Visard: System Architecture
This project centers on discovering the changing patterns over time in linked data and providing a visualization tool for users, which help users to establish historical context and make predictions about upcoming actions.
Figure 1 shows the architecture of the system. At the lowest layer is the "raw" relational data (which may in fact have been processed to extract metadata and semantic meaning). Model induction methods are used to construct the next layer, a probabilistic relational model that summarizes the correlations and dependencies in the data. This model feeds into a spatial layout layer that uses interactive, incremental hierarchical clustering methods to create a display space. Finally, the dynamic visualization layer allows the user to interactively explore the model in the layout space.
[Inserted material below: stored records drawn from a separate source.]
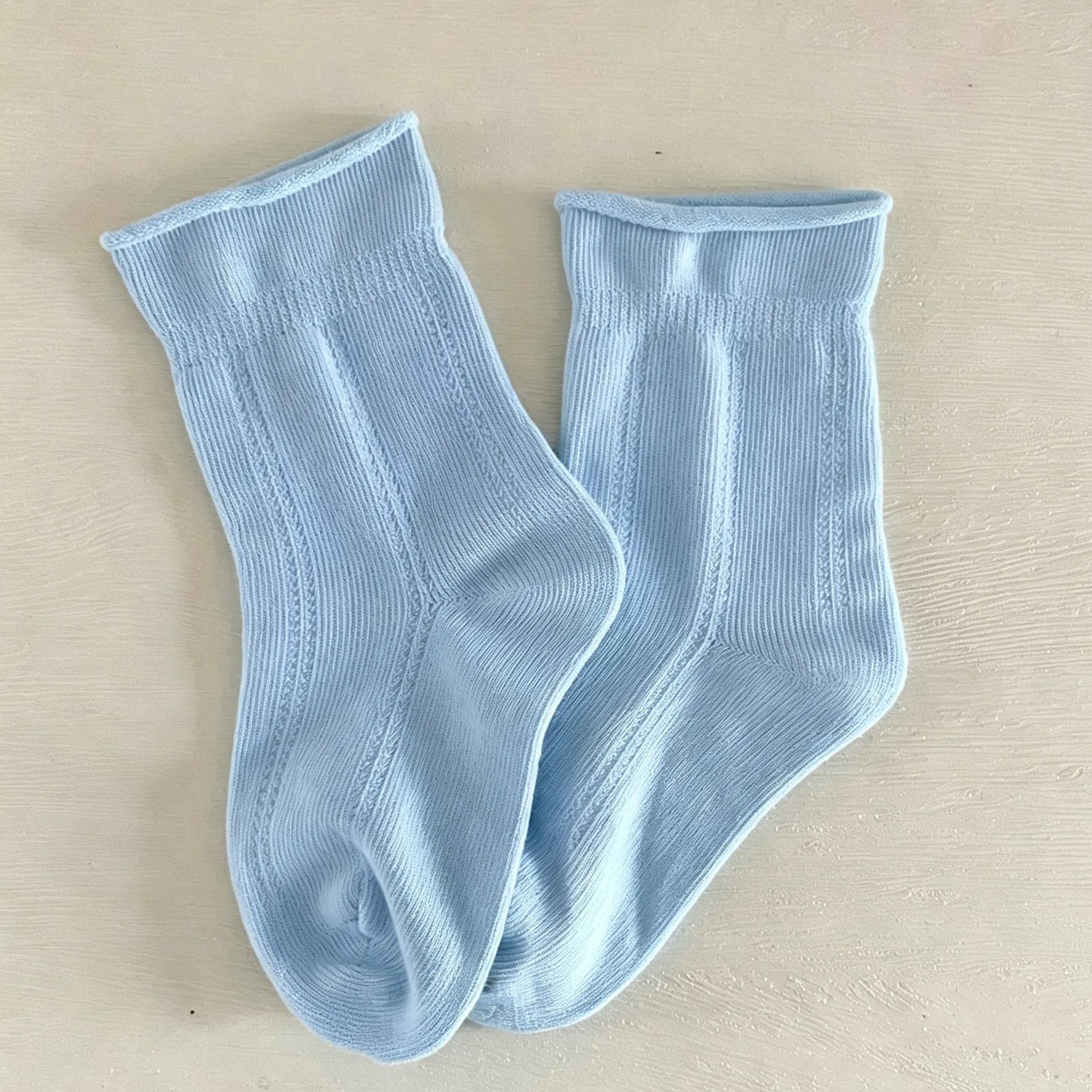 Kids Vertical Stripes Rolled-up Socks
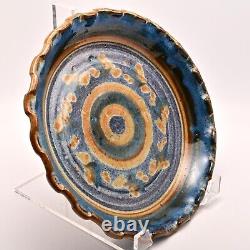 Original Vintage Artist Signed Studio Pottery Dish Ceramic Raku Ash Glazed Plate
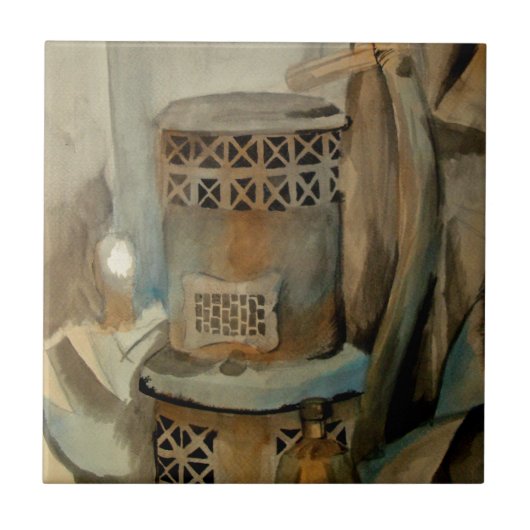 Wood Stove en Sythe Tegeltje (Voorkant)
Note that the user has both spatial and temporal control over the visualization. That is, the user can select particular objects and relations to visualize and establish their initial spatial arrangement (with the assistance of interactive, semi-automated layout tools that we will develop). Given the objects and relations that are of interest to the user, probabilistic models will be learned for each available time interval of data. Changes in the data will be reflected in changes in the model, which will in turn be reflected in the visualization. The visualization shows different types of objects and links (known vs. postulated, probabilistic vs. deterministic, temporal vs. static) using visual features such as color and size. Users can control the appearance of the display, allowing them to construct different views depending on heir current task requirements. The user can also control the rate and direction of change (i.e., forward or backward in time), can engage in "what-if" analysis to see the possible long-term effects of hypothetical changes to the data and to compare the time course of the data with and without the change, and can drill down to examine the raw data that supports the model.
We propose to represent change in the visualization by motion because of its perceptual and cognitive importance. Motion is a so-called "pop-out" visual feature, one that registers pre-attentively. This makes it possible for the user to consciously attend to a particular aspect of the visualization while remaining informed about changes in other aspects. The phenomenon of spatial memory is exploited by the interactive layout clustering methods to guide the construction of the display space, allowing users to focus on those aspects of the linked structure they deem to be most relevant. For example, a user can easily remember that a particular category of individuals (e.g., high-tech startups) is located in the upper right of the display, notice increased activity in that part of the screen out of the corner of their eye, and immediately conclude that the time period covered by the visualization entails significant change within that category.